Notre vieux camarade Jacques Dubois nous a quitté ce 31 mai 2014, au terme d'une pénible maladie vécue dans une maison de retraite de Haute Vienne et achevée à l'hôpital de Saint Léonard de Noblat.
Il était né le 18 septembre 1920 à Magnac-sur-Touvre (Charente). Ayant terminé son cursus scolaire à l'École nationale supérieure d'Agronomie de Grignon (1941-1943) et opté pour une carrière outre-mer, il s'était spécialisé en pédologie à l'École supérieure d'Application d'Agriculture tropicale, Section recherche, sous la haute autorité du maître Georges Aubert, à l'ORSC (futur ORSOM puis ORSTOM, actuel IRD).
Affecté au Sénégal, Jacques avait en 1945 rejoint Bambey, alors siège du Secteur soudanais de recherches agronomiques (futur CRA). Il y avait très rapidement acquis une solide connaissance des sols sénégalais et de leurs aptitudes agricoles. Les premières esquisses cartographiques de ces sols portent sa griffe (dès 1946 ! ), en même temps qu'elles font alors de Jacques l'un des meilleurs conseillers des ambitieux projets et actions engagés en milieu paysan, l'application des travaux de la recherche étant déjà pour lui l'objectif primordial.

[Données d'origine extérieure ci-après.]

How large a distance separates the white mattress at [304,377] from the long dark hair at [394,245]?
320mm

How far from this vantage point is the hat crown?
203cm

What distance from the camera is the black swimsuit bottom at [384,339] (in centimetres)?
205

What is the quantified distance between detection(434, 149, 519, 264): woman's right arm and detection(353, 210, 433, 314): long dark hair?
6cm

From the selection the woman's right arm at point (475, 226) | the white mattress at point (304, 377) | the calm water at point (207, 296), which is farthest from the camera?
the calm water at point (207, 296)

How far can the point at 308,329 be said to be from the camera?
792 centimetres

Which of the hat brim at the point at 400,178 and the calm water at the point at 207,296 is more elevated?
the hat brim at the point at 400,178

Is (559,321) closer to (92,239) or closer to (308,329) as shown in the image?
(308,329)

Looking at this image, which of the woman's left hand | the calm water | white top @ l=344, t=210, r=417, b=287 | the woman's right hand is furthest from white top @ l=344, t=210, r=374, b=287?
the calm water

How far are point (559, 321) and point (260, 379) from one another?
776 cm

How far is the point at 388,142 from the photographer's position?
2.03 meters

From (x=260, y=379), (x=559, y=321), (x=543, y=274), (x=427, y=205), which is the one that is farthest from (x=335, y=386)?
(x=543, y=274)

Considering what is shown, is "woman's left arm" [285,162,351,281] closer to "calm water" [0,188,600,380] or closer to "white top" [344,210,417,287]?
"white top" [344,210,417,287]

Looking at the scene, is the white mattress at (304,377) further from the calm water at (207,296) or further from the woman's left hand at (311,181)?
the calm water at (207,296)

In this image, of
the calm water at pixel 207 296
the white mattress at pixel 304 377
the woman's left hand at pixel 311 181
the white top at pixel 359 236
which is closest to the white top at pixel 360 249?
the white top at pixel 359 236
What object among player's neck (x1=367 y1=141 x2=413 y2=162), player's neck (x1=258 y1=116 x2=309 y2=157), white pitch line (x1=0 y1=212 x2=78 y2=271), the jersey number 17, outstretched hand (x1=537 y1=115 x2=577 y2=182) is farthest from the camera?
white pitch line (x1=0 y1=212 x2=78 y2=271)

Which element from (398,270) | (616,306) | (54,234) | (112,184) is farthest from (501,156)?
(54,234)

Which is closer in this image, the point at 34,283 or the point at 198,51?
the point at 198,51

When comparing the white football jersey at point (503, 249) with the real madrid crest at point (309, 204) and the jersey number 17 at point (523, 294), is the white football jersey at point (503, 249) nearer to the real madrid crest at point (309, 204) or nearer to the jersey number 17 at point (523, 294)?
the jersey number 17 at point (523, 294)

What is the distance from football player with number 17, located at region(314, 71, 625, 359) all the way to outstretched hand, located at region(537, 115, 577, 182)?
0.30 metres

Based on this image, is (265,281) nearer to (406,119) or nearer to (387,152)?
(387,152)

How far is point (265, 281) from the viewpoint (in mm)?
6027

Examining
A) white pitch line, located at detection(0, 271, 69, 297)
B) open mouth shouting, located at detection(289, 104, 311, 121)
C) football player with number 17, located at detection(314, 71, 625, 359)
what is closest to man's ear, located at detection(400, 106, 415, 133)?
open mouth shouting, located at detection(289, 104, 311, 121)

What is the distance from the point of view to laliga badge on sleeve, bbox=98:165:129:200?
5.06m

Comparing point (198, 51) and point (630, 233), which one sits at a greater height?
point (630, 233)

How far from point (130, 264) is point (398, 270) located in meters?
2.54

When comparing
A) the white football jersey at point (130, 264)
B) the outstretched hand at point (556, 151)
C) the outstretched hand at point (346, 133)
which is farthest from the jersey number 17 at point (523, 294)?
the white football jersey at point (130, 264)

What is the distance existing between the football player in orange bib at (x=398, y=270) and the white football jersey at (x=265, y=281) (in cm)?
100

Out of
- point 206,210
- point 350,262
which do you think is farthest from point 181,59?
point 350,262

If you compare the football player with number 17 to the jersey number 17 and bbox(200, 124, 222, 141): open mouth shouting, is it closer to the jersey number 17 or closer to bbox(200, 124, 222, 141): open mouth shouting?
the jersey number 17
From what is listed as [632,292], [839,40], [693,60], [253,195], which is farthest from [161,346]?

Cette démarche, associant recherche et souci d'une appropriation rapide de ses résultats par les paysans, fait affecter Jacques en 1955 dans la vallée du Sénégal, auprès de la Mission d'aménagement du Fleuve, qui s'inspire fortement de ses conceptions dans l'élaboration et les premières réalisations du grand projet de mise en valeur du Delta. Inébranlable dans ses convictions, au demeurant renforcées par une profonde foi chrétienne, infatigable dans l'action à laquelle il souhaite associer le plus de partenaires partageant ses idées, mais toujours insatisfait et impatient d'aller au-delà, car son humanisme l'exige, Jacques profite de son implantation saint-louisienne et de ses connaissances agro-pédologiques du pays, pour remonter le fleuve jusqu'à Bakel, à la frontière malienne, et pour mieux connaître les populations de la vallée, des plateaux d'alentour. De ces populations il apprécie la grande diversité de leurs systèmes agraires, l'exceptionnelle créativité mais, en même temps, l'importance, voire les graves lacunes dans la satisfaction de leurs besoins essentiels.
Aussi, vers 1975, sa carrière administrative s'achevant, s'engage-t-il dans l'action humanitaire, élaborant même en métropole des systèmes de formation, notamment à une agriculture améliorée de petite mécanisation, au bénéfice d'ouvriers immigrés travaillant en France, mais désireux de retourner au pays et d'y pratiquer des systèmes de production agricole plus productifs que ceux traditionnels.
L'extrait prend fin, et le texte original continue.